2011-02-11 23:39:15

by David Teigland

[permalink] [raw]
Subject: [GIT PULL] dlm fix for 2.6.38

Linus,

Please pull this fix for a dlm regression from:

git://git.kernel.org/pub/scm/linux/kernel/git/teigland/dlm.git for-linus

Thanks,
Dave

Author: David Teigland <[email protected]>
Date: Fri Feb 11 16:44:31 2011 -0600

dlm: use single thread workqueues

The recent commit to use cmwq for send and recv threads
dcce240ead802d42b1e45ad2fcb2ed4a399cb255 introduced problems,
apparently due to multiple workqueue threads. Single threads
make the problems go away, so return to that until we fully
understand the concurrency issues with multiple threads.

Signed-off-by: David Teigland <[email protected]>

diff --git a/fs/dlm/lowcomms.c b/fs/dlm/lowcomms.c
index 9c64ae9..2d8c87b 100644
--- a/fs/dlm/lowcomms.c
+++ b/fs/dlm/lowcomms.c
@@ -1468,15 +1468,13 @@ static void work_stop(void)

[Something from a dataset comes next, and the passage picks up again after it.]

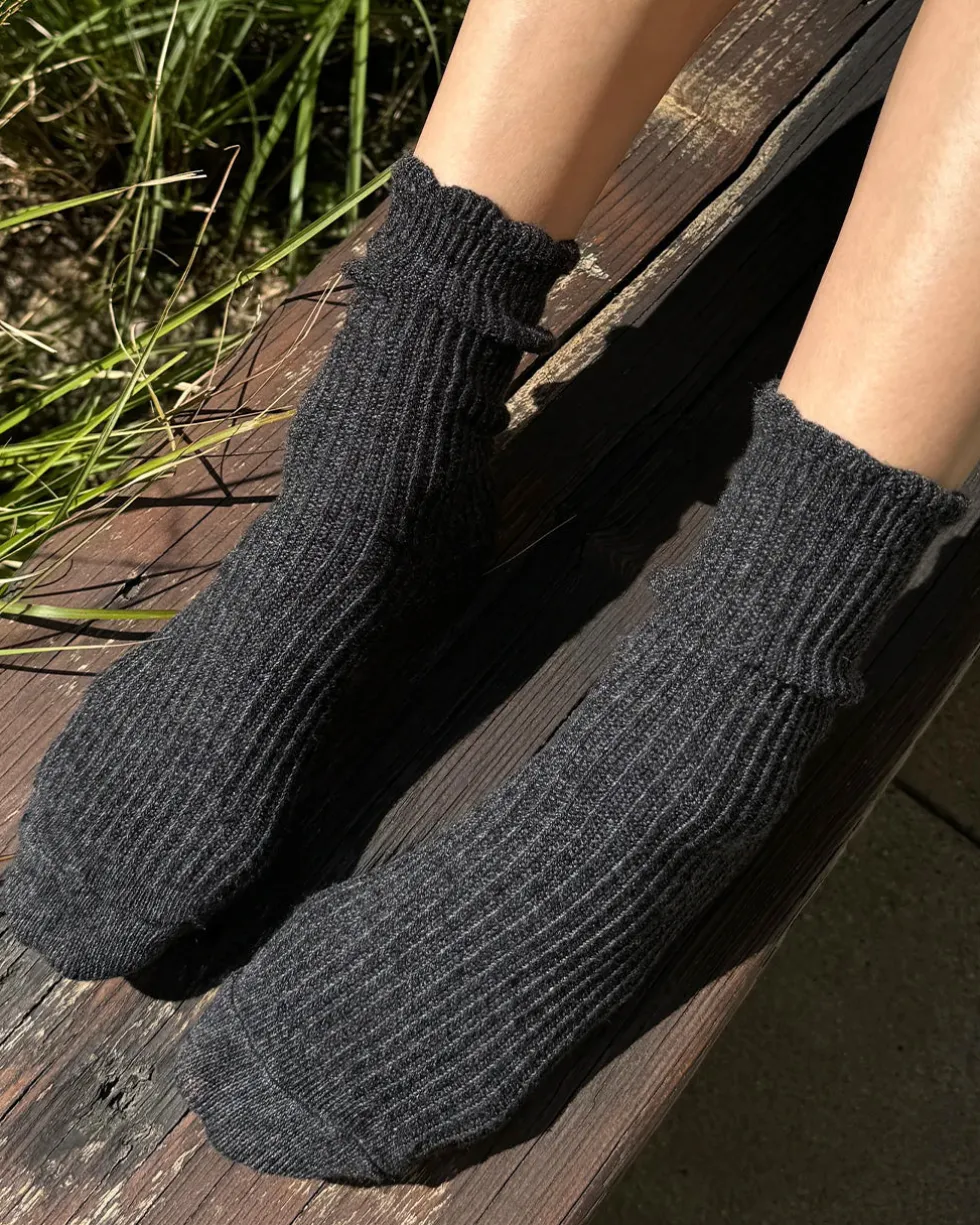 Linen Scallop Socks - Charcoal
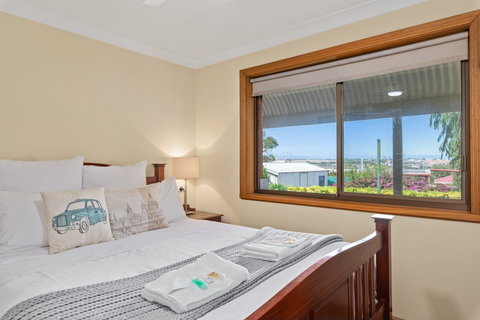 Century21 SouthCoast: Reef & Vines Port Noarlunga - Tourism Caloundra 0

static int work_start(void)
{
- recv_workqueue = alloc_workqueue("dlm_recv", WQ_MEM_RECLAIM |
- WQ_HIGHPRI | WQ_FREEZEABLE, 0);
+ recv_workqueue = create_singlethread_workqueue("dlm_recv");
if (!recv_workqueue) {
log_print("can't start dlm_recv");
return -ENOMEM;
}

- send_workqueue = alloc_workqueue("dlm_send", WQ_MEM_RECLAIM |
- WQ_HIGHPRI | WQ_FREEZEABLE, 0);
+ send_workqueue = create_singlethread_workqueue("dlm_send");
if (!send_workqueue) {
log_print("can't start dlm_send");
destroy_workqueue(recv_workqueue);


2011-02-12 15:43:21

by Steven Whitehouse

[permalink] [raw]
Subject: Re: [GIT PULL] dlm fix for 2.6.38

Hi,

On Fri, 2011-02-11 at 18:38 -0500, David Teigland wrote:
> Linus,
>
> Please pull this fix for a dlm regression from:
>
> git://git.kernel.org/pub/scm/linux/kernel/git/teigland/dlm.git for-linus
>
> Thanks,
> Dave
>
> Author: David Teigland <[email protected]>
> Date: Fri Feb 11 16:44:31 2011 -0600
>
> dlm: use single thread workqueues
>
> The recent commit to use cmwq for send and recv threads
> dcce240ead802d42b1e45ad2fcb2ed4a399cb255 introduced problems,
> apparently due to multiple workqueue threads. Single threads
> make the problems go away, so return to that until we fully
> understand the concurrency issues with multiple threads.
>
> Signed-off-by: David Teigland <[email protected]>
>
> diff --git a/fs/dlm/lowcomms.c b/fs/dlm/lowcomms.c
> index 9c64ae9..2d8c87b 100644
> --- a/fs/dlm/lowcomms.c
> +++ b/fs/dlm/lowcomms.c
> @@ -1468,15 +1468,13 @@ static void work_stop(void)
>
> static int work_start(void)
> {
> - recv_workqueue = alloc_workqueue("dlm_recv", WQ_MEM_RECLAIM |
> - WQ_HIGHPRI | WQ_FREEZEABLE, 0);
> + recv_workqueue = create_singlethread_workqueue("dlm_recv");
> if (!recv_workqueue) {
> log_print("can't start dlm_recv");
> return -ENOMEM;
> }
>
> - send_workqueue = alloc_workqueue("dlm_send", WQ_MEM_RECLAIM |
> - WQ_HIGHPRI | WQ_FREEZEABLE, 0);
> + send_workqueue = create_singlethread_workqueue("dlm_send");
> if (!send_workqueue) {
> log_print("can't start dlm_send");
> destroy_workqueue(recv_workqueue);
>
>

What is the issue here? If there is a problem with the workqueues then
we should ask Tejun about it,

Steve.

2011-02-12 15:51:09

by Tejun Heo

[permalink] [raw]
Subject: Re: [GIT PULL] dlm fix for 2.6.38

Hello,

On Sat, Feb 12, 2011 at 03:44:35PM +0000, Steven Whitehouse wrote:
> > diff --git a/fs/dlm/lowcomms.c b/fs/dlm/lowcomms.c
> > index 9c64ae9..2d8c87b 100644
> > --- a/fs/dlm/lowcomms.c
> > +++ b/fs/dlm/lowcomms.c
> > @@ -1468,15 +1468,13 @@ static void work_stop(void)
> >
> > static int work_start(void)
> > {
> > - recv_workqueue = alloc_workqueue("dlm_recv", WQ_MEM_RECLAIM |
> > - WQ_HIGHPRI | WQ_FREEZEABLE, 0);
> > + recv_workqueue = create_singlethread_workqueue("dlm_recv");

recv_workqueue was multithread one even before the conversion. It
probably is best to leave this part alone.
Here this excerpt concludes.